● **WHAT THE TASK ASKS**:
Although the records contain pictures, none belong in the copy: restate word for word only the lines from the one with "24442 Nubian Goat" through the one with "Bhagyashree Walks The", both included.

● **Stored items**:
^^^^
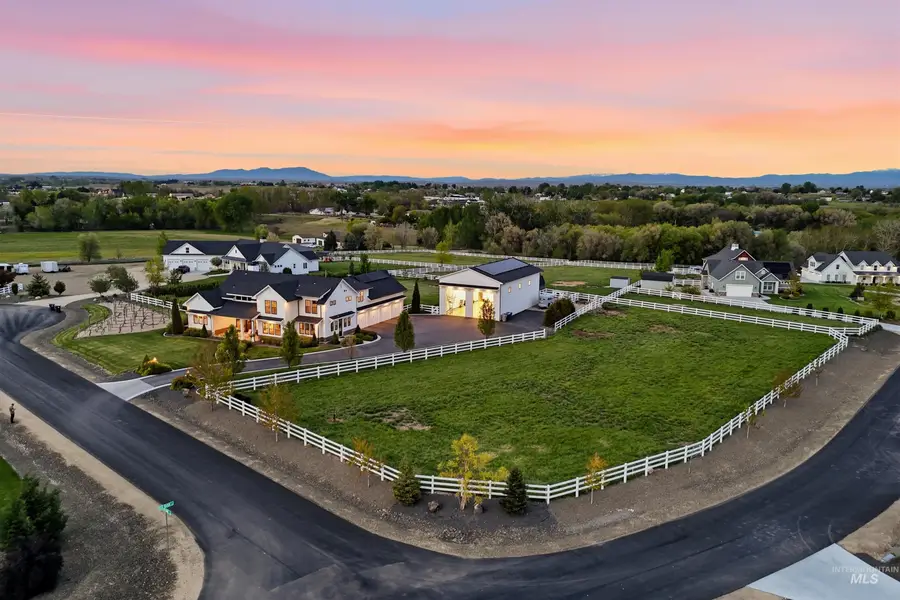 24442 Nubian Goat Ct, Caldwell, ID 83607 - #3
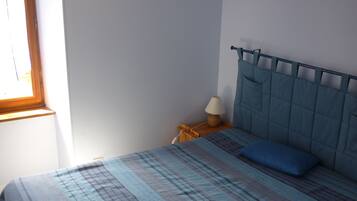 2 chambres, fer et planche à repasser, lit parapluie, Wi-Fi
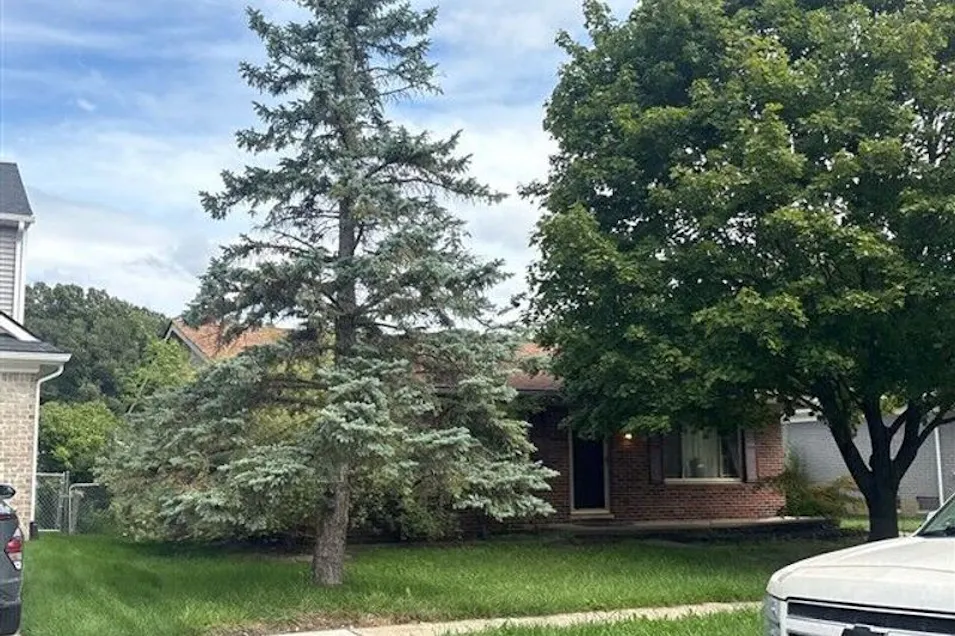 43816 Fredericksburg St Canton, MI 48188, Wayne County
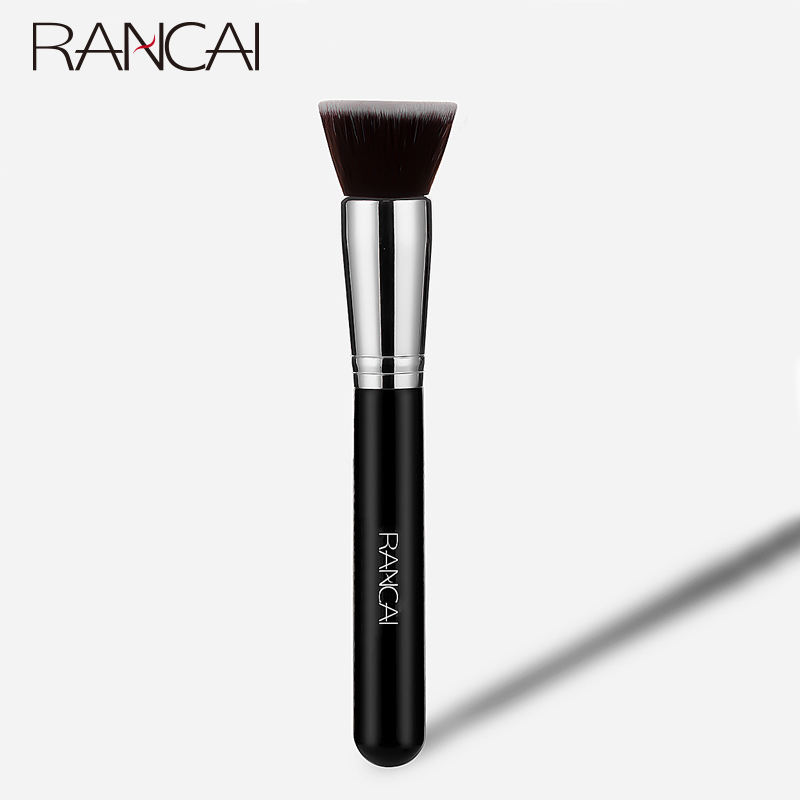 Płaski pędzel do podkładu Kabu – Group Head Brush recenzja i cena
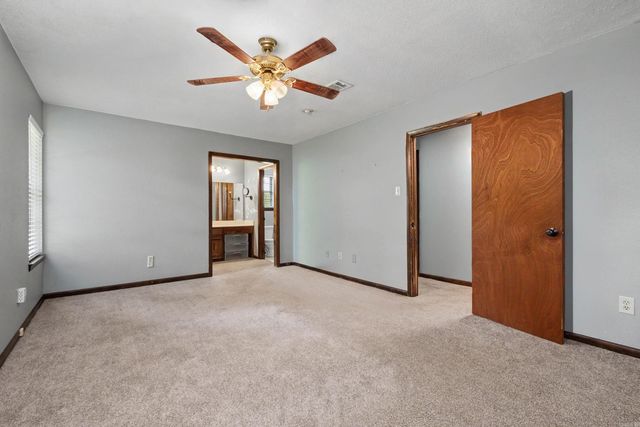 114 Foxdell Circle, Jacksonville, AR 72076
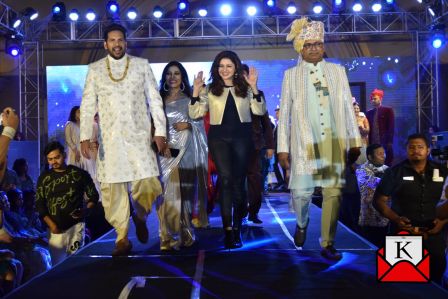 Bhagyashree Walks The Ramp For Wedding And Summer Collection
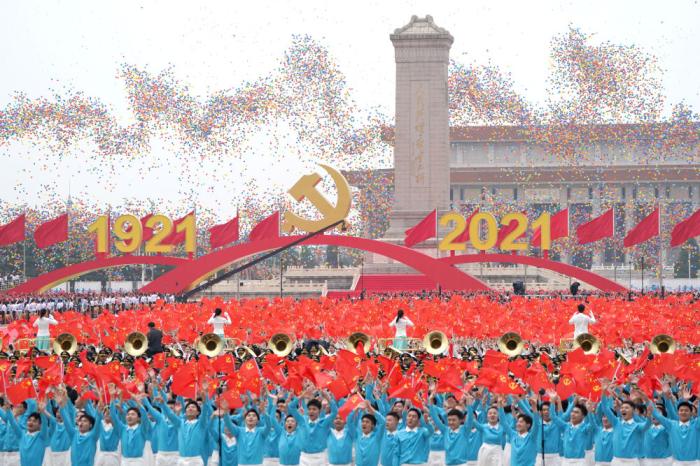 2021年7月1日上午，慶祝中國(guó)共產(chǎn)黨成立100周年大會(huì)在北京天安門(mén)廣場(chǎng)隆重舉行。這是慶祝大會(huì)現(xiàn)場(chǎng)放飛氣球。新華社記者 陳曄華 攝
^^^^
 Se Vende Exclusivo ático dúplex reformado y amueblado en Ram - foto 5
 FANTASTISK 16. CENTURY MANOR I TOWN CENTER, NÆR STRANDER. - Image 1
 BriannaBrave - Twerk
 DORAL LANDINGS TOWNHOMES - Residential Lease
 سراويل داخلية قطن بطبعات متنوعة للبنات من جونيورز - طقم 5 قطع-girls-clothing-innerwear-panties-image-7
^^^^
● **RESPONSE BELOW**:
 24442 Nubian Goat Ct, Caldwell, ID 83607 - #3
 2 chambres, fer et planche à repasser, lit parapluie, Wi-Fi
 43816 Fredericksburg St Canton, MI 48188, Wayne County
 Płaski pędzel do podkładu Kabu – Group Head Brush recenzja i cena
 114 Foxdell Circle, Jacksonville, AR 72076
 Bhagyashree Walks The Ramp For Wedding And Summer Collection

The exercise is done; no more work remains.